Image-caption web data:
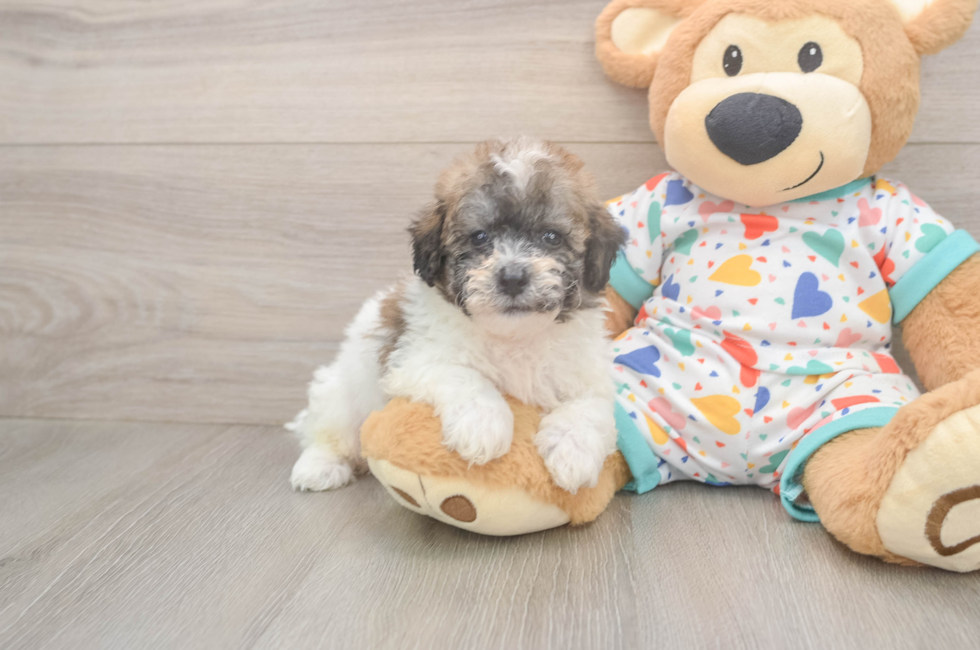 7 week old Poochon Puppy For Sale - Puppy Love PR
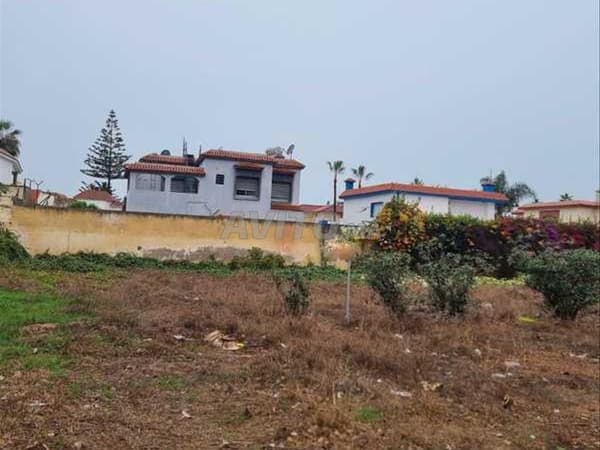 157804-Land for Sale in Mohammédia Monica, 512 m²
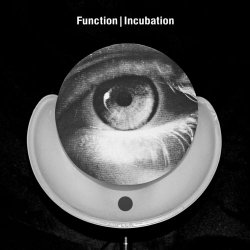 Function - Incubation (2013)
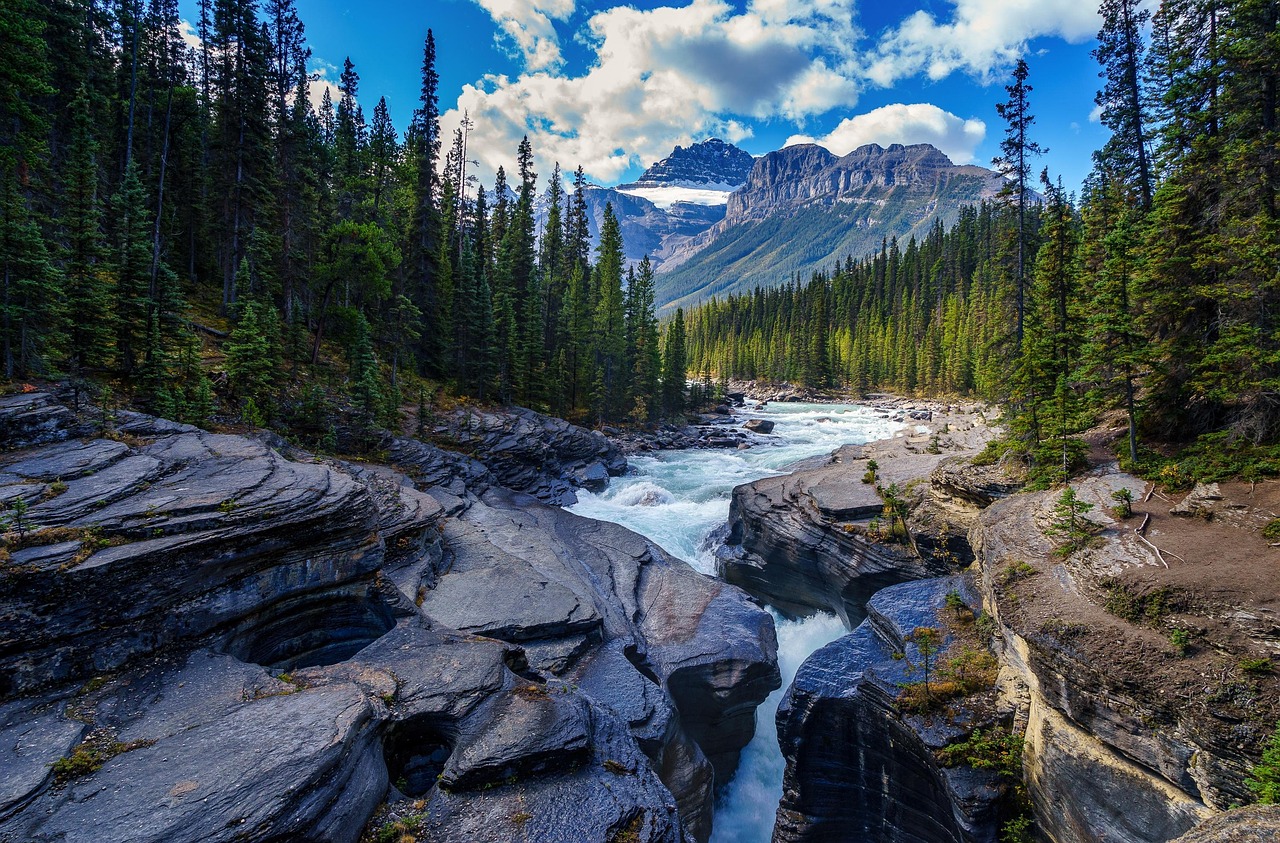 River, rocks, trees — Best France IPTV Services for French and International TV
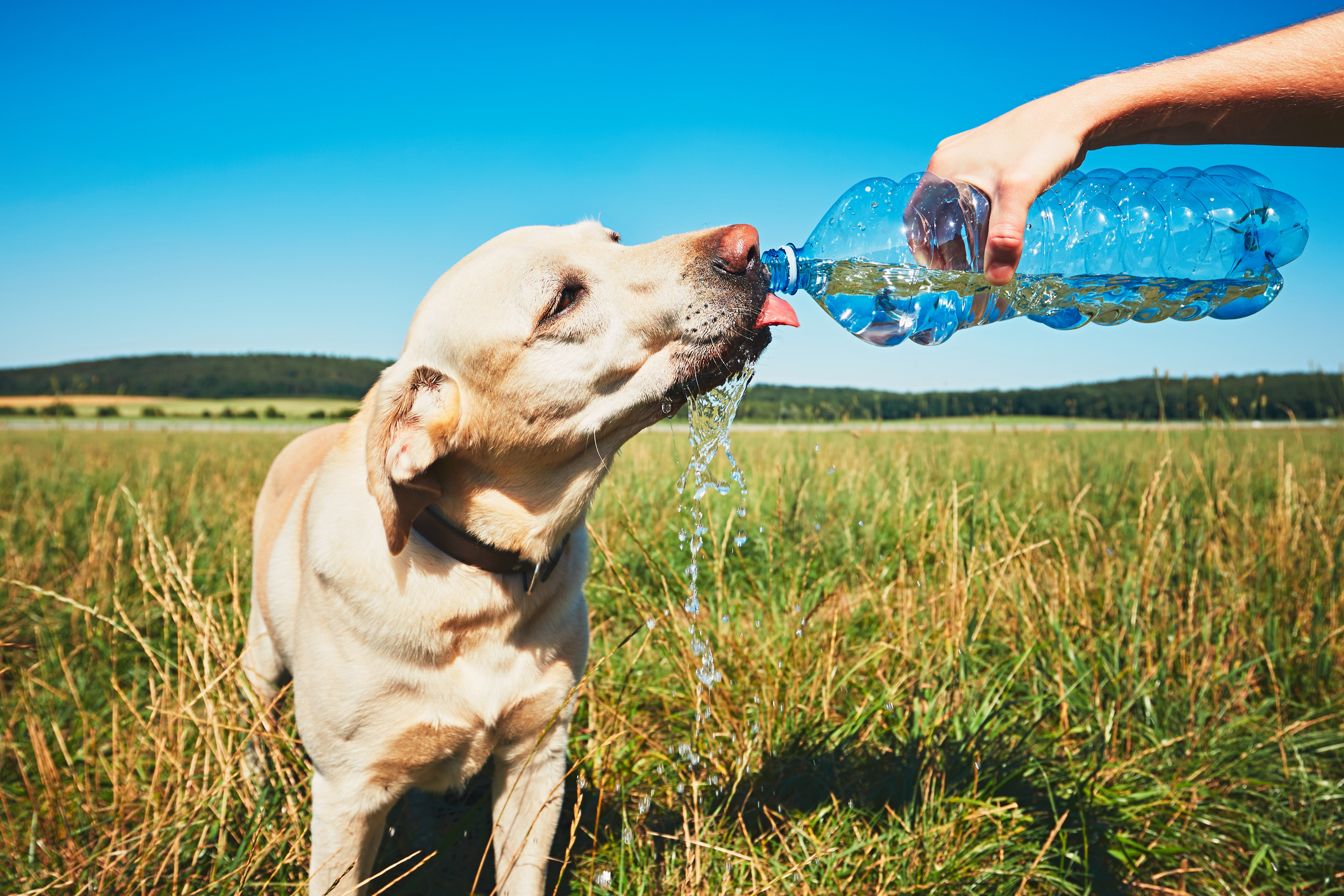 Cómo cuidar a las mascotas del verano y las altas temperaturas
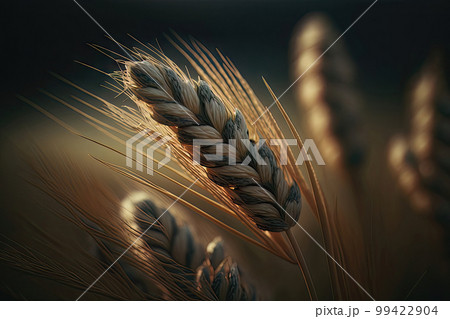 AI generated macro photography of wheat on field 99422904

▶ **WHAT IS BEING ASKED**:
Leave every picture out, and transcribe the data above exactly as it reads.

▶ **RESULT OF THIS TASK**:
 7 week old Poochon Puppy For Sale - Puppy Love PR
 157804-Land for Sale in Mohammédia Monica, 512 m²
 Function - Incubation (2013)
 River, rocks, trees — Best France IPTV Services for French and International TV
 Cómo cuidar a las mascotas del verano y las altas temperaturas
 AI generated macro photography of wheat on field 99422904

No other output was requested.